Start of RECORD EXCERPTS
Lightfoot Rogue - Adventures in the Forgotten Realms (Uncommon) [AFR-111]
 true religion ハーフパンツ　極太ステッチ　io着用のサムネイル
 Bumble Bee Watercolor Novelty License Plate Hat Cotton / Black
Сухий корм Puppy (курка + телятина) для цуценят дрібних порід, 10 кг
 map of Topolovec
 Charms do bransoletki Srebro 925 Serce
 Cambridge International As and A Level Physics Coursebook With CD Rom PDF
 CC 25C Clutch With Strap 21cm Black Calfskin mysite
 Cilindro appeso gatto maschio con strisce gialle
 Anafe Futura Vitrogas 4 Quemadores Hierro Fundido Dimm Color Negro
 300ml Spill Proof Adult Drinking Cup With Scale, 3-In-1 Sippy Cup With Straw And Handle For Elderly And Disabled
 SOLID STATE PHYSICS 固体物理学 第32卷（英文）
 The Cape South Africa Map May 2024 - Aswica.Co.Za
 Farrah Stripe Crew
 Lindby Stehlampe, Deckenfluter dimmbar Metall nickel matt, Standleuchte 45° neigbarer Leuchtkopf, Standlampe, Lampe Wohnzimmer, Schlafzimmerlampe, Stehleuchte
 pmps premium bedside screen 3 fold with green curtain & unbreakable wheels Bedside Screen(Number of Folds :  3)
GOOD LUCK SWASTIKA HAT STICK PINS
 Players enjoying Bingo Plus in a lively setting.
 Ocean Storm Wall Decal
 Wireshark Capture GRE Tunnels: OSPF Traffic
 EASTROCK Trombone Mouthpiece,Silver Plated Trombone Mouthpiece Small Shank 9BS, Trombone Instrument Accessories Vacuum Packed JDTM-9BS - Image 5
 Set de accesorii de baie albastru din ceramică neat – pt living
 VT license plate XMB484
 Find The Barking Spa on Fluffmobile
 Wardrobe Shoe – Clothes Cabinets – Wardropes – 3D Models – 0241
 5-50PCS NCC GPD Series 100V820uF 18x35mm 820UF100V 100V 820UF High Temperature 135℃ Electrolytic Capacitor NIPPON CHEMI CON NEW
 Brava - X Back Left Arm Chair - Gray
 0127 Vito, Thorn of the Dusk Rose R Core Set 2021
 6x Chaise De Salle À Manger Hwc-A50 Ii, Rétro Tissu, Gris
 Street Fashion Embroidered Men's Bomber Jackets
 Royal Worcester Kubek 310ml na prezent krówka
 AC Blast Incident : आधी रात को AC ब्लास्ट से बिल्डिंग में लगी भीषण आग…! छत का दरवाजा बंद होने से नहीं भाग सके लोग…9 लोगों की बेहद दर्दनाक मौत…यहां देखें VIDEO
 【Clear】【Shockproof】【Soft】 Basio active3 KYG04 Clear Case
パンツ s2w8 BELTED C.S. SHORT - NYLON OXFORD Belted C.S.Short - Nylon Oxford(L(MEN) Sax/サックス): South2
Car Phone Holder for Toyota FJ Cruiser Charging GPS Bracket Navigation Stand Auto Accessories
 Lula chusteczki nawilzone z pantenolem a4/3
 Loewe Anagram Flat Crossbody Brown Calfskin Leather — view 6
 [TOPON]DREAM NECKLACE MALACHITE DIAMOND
End of RECORD EXCERPTS
From the records above, return each line that includes "Accessories".

* SOLVED PROBLEM:
 EASTROCK Trombone Mouthpiece,Silver Plated Trombone Mouthpiece Small Shank 9BS, Trombone Instrument Accessories Vacuum Packed JDTM-9BS - Image 5
Car Phone Holder for Toyota FJ Cruiser Charging GPS Bracket Navigation Stand Auto Accessories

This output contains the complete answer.